== Records to process ==

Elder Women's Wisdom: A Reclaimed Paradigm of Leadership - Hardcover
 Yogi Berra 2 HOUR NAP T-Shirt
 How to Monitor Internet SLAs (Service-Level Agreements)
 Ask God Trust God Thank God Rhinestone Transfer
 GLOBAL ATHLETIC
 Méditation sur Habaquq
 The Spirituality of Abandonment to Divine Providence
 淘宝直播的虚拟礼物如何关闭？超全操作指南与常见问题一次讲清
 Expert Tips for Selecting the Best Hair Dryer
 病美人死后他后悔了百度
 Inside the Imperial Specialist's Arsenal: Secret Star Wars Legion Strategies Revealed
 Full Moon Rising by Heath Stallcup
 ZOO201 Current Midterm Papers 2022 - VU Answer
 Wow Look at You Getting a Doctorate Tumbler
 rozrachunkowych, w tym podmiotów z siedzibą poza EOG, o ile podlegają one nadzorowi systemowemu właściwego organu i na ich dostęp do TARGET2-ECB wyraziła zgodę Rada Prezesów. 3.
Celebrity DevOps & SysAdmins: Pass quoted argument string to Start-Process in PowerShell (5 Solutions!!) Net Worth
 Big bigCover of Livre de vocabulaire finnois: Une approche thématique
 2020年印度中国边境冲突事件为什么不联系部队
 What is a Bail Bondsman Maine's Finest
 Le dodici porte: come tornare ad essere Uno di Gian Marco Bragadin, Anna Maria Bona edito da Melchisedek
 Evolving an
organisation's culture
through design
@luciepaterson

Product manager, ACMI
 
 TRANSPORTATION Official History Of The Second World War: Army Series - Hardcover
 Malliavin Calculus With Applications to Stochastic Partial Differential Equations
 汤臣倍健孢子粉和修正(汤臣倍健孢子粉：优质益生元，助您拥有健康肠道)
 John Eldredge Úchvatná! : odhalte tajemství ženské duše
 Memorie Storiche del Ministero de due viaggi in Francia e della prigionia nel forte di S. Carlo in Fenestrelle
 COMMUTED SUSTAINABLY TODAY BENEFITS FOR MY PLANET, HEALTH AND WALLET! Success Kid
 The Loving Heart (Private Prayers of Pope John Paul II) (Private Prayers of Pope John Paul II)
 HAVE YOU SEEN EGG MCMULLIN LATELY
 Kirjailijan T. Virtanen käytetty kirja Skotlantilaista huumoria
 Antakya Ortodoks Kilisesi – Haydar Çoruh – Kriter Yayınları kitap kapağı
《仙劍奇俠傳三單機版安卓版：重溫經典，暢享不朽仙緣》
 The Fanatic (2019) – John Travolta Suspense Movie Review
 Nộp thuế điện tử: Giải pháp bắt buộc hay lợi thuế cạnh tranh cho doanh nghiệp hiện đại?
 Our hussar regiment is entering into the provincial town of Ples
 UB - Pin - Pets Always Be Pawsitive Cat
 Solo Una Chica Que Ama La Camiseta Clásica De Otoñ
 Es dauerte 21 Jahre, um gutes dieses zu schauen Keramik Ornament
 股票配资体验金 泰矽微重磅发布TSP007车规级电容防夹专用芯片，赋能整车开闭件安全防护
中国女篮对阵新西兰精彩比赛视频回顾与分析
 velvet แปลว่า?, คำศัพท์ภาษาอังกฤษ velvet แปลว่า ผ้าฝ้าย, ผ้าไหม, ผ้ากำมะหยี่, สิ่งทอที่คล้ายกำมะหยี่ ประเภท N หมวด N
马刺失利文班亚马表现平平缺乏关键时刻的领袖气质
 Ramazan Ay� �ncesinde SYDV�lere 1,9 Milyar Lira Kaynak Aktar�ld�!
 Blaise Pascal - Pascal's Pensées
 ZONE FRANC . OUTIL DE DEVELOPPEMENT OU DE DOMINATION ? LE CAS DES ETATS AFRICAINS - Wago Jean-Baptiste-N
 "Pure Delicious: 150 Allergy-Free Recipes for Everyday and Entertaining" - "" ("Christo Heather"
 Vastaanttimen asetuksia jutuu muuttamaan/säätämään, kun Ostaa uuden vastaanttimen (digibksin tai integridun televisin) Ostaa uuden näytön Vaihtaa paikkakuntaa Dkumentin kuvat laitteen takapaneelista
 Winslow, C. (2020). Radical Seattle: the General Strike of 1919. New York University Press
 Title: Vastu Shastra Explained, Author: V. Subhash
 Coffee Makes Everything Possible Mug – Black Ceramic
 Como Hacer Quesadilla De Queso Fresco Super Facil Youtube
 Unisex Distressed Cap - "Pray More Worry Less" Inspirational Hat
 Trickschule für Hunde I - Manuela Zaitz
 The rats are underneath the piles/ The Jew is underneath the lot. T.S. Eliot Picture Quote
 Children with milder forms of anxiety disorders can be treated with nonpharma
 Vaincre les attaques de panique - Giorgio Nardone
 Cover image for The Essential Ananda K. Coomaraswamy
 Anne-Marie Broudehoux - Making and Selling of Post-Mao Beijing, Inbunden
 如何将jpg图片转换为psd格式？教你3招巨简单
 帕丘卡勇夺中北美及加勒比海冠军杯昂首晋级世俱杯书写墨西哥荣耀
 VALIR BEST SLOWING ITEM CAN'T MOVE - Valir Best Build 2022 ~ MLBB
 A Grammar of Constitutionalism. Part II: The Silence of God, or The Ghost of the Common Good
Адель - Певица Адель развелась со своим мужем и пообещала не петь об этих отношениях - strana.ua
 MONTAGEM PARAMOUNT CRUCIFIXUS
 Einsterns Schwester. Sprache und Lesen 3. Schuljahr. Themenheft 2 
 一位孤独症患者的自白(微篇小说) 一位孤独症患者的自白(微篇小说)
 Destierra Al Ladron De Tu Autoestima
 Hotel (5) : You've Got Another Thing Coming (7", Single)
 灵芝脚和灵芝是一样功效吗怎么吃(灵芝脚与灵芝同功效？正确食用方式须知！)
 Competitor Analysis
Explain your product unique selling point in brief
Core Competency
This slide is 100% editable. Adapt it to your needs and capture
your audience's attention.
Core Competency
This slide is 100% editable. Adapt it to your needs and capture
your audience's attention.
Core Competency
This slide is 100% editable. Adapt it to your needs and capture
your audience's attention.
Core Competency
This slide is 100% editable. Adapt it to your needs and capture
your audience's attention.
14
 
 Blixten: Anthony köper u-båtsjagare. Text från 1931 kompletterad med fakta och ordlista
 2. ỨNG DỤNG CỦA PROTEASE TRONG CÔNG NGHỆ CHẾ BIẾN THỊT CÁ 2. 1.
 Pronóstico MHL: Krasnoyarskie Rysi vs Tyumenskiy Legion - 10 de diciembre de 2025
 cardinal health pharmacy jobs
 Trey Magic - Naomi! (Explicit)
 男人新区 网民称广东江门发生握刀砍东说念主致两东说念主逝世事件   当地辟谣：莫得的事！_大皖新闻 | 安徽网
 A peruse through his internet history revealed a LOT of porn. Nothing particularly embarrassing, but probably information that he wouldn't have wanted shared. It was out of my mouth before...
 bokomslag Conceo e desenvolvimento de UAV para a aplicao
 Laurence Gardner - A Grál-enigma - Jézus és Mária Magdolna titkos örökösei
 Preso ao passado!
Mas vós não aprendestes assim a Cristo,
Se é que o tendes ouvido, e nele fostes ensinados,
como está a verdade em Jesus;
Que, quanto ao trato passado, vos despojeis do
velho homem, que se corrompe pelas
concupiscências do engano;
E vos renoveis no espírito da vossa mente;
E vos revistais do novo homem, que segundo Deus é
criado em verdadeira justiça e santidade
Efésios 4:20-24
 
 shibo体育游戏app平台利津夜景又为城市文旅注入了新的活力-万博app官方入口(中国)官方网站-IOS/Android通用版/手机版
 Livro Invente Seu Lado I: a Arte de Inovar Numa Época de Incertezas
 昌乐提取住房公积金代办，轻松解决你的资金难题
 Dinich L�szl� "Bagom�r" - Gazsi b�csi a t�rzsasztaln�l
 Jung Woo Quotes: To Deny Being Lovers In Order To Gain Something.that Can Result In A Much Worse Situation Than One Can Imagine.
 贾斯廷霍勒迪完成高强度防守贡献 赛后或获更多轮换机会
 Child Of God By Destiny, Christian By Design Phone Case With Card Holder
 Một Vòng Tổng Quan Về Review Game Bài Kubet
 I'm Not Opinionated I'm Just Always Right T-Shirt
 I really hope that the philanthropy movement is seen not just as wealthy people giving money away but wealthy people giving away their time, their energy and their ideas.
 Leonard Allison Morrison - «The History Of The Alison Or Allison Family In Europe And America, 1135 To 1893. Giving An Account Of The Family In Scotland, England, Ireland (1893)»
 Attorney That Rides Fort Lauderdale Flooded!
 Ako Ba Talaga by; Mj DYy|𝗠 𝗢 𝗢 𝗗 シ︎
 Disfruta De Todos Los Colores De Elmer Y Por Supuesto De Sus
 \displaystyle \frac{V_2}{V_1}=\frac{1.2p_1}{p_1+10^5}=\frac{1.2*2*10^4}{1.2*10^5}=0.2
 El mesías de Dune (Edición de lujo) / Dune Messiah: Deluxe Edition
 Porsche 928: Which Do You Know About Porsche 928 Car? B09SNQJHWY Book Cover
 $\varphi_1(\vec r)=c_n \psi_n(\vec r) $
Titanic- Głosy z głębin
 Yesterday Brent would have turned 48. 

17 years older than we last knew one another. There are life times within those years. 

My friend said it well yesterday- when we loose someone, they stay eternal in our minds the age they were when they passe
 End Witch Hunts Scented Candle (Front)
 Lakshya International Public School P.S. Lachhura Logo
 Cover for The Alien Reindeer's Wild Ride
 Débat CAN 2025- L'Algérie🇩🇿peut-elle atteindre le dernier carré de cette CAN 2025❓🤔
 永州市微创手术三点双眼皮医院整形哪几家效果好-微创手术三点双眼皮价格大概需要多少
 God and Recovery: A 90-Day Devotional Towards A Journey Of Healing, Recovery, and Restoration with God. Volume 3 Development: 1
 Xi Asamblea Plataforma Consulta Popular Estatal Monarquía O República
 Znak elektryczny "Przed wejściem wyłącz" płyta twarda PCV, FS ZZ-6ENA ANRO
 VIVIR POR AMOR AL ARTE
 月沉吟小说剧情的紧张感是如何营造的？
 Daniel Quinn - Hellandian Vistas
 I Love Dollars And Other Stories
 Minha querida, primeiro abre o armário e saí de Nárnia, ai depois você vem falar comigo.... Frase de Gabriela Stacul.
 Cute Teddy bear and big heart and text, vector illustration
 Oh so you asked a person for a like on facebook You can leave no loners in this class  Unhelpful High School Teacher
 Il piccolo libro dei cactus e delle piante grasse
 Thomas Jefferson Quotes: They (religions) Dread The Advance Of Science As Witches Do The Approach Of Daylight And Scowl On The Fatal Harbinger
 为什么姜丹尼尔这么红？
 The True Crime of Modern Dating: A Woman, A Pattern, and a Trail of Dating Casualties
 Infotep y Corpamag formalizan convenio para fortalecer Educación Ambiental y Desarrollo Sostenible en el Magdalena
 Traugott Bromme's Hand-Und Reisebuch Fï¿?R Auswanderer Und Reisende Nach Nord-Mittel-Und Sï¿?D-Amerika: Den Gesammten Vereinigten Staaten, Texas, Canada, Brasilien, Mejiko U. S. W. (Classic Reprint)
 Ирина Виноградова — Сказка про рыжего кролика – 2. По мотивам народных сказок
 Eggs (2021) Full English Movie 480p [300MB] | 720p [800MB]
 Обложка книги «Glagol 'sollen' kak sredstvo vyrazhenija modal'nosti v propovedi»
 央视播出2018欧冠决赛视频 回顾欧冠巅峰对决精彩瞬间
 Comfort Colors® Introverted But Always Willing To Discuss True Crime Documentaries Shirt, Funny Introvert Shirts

===

◆ **Exercise directions**
Your task is to retype the entries verbatim, starting with the line that holds "Blaise Pascal - Pascal's Pensées" and stopping after the line that holds "Coffee Makes Everything".

◆ **Answer to this task**
 Blaise Pascal - Pascal's Pensées
 ZONE FRANC . OUTIL DE DEVELOPPEMENT OU DE DOMINATION ? LE CAS DES ETATS AFRICAINS - Wago Jean-Baptiste-N
 "Pure Delicious: 150 Allergy-Free Recipes for Everyday and Entertaining" - "" ("Christo Heather"
 Vastaanttimen asetuksia jutuu muuttamaan/säätämään, kun Ostaa uuden vastaanttimen (digibksin tai integridun televisin) Ostaa uuden näytön Vaihtaa paikkakuntaa Dkumentin kuvat laitteen takapaneelista
 Winslow, C. (2020). Radical Seattle: the General Strike of 1919. New York University Press
 Title: Vastu Shastra Explained, Author: V. Subhash
 Coffee Makes Everything Possible Mug – Black Ceramic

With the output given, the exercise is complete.